Once you reestablish your network connections towards the configured check-list:

----
09:53:23,461 INFO  [org.apache.activemq.artemis.core.server.NetworkHealthCheck] Network is healthy, starting service ActiveMQServerImpl::
09:53:23,462 INFO  [org.apache.activemq.artemis.core.server] AMQ221000: primary Message Broker is starting with configuration Broker Configuration (clustered=false,journalDirectory=./data/journal,bindingsDirectory=./data/bindings,largeMessagesDirectory=./data/large-messages,pagingDirectory=./data/paging)

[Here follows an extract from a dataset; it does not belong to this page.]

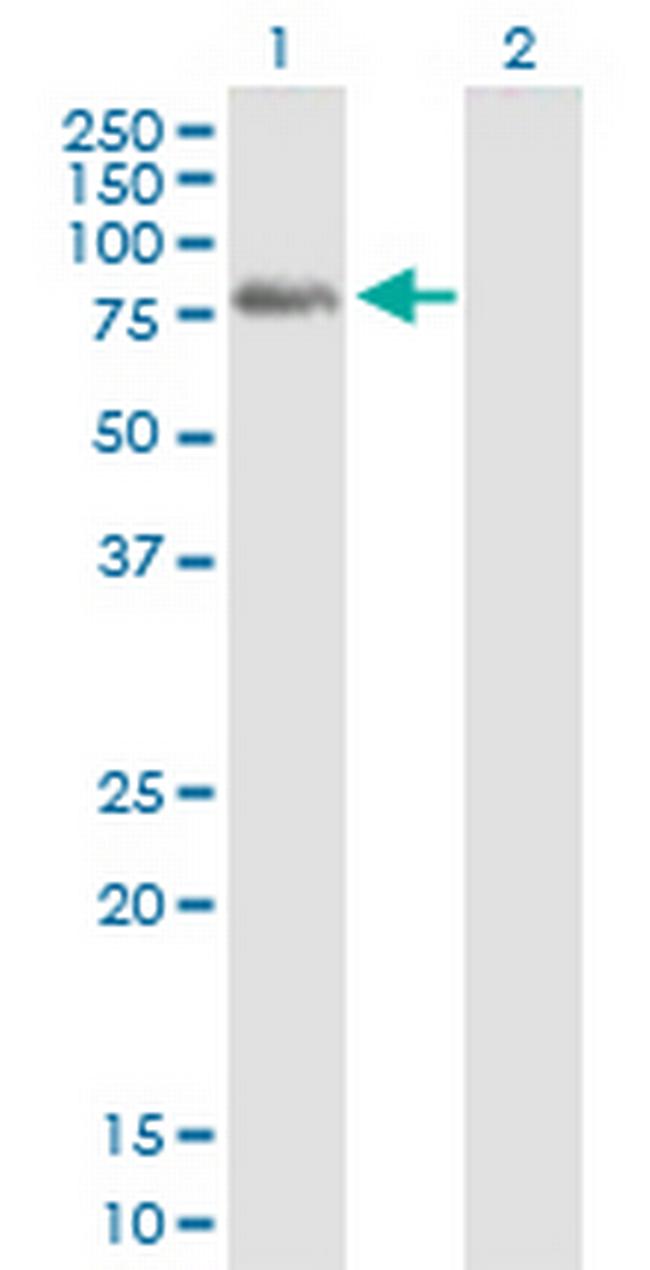 PLK3 Antibody in Western Blot (WB)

09:53:23,462 INFO  [org.apache.activemq.artemis.core.server] AMQ221013: Using NIO Journal
09:53:23,462 INFO  [org.apache.activemq.artemis.core.server] AMQ221043: Protocol module found: [artemis-server]. Adding protocol support for: CORE
09:53:23,463 INFO  [org.apache.activemq.artemis.core.server] AMQ221043: Protocol module found: [artemis-amqp-protocol]. Adding protocol support for: AMQP
09:53:23,463 INFO  [org.apache.activemq.artemis.core.server] AMQ221043: Protocol module found: [artemis-hornetq-protocol]. Adding protocol support for: HORNETQ
09:53:23,463 INFO  [org.apache.activemq.artemis.core.server] AMQ221043: Protocol module found: [artemis-mqtt-protocol]. Adding protocol support for: MQTT
09:53:23,464 INFO  [org.apache.activemq.artemis.core.server] AMQ221043: Protocol module found: [artemis-openwire-protocol]. Adding protocol support for: OPENWIRE
09:53:23,464 INFO  [org.apache.activemq.artemis.core.server] AMQ221043: Protocol module found: [artemis-stomp-protocol]. Adding protocol support for: STOMP
09:53:23,541 INFO  [org.apache.activemq.artemis.core.server] AMQ221003: Deploying queue jms.queue.DLQ
09:53:23,541 INFO  [org.apache.activemq.artemis.core.server] AMQ221003: Deploying queue jms.queue.ExpiryQueue
09:53:23,549 INFO  [org.apache.activemq.artemis.core.server] AMQ221020: Started Acceptor at 0.0.0.0:61616 for protocols [CORE,MQTT,AMQP,STOMP,HORNETQ,OPENWIRE]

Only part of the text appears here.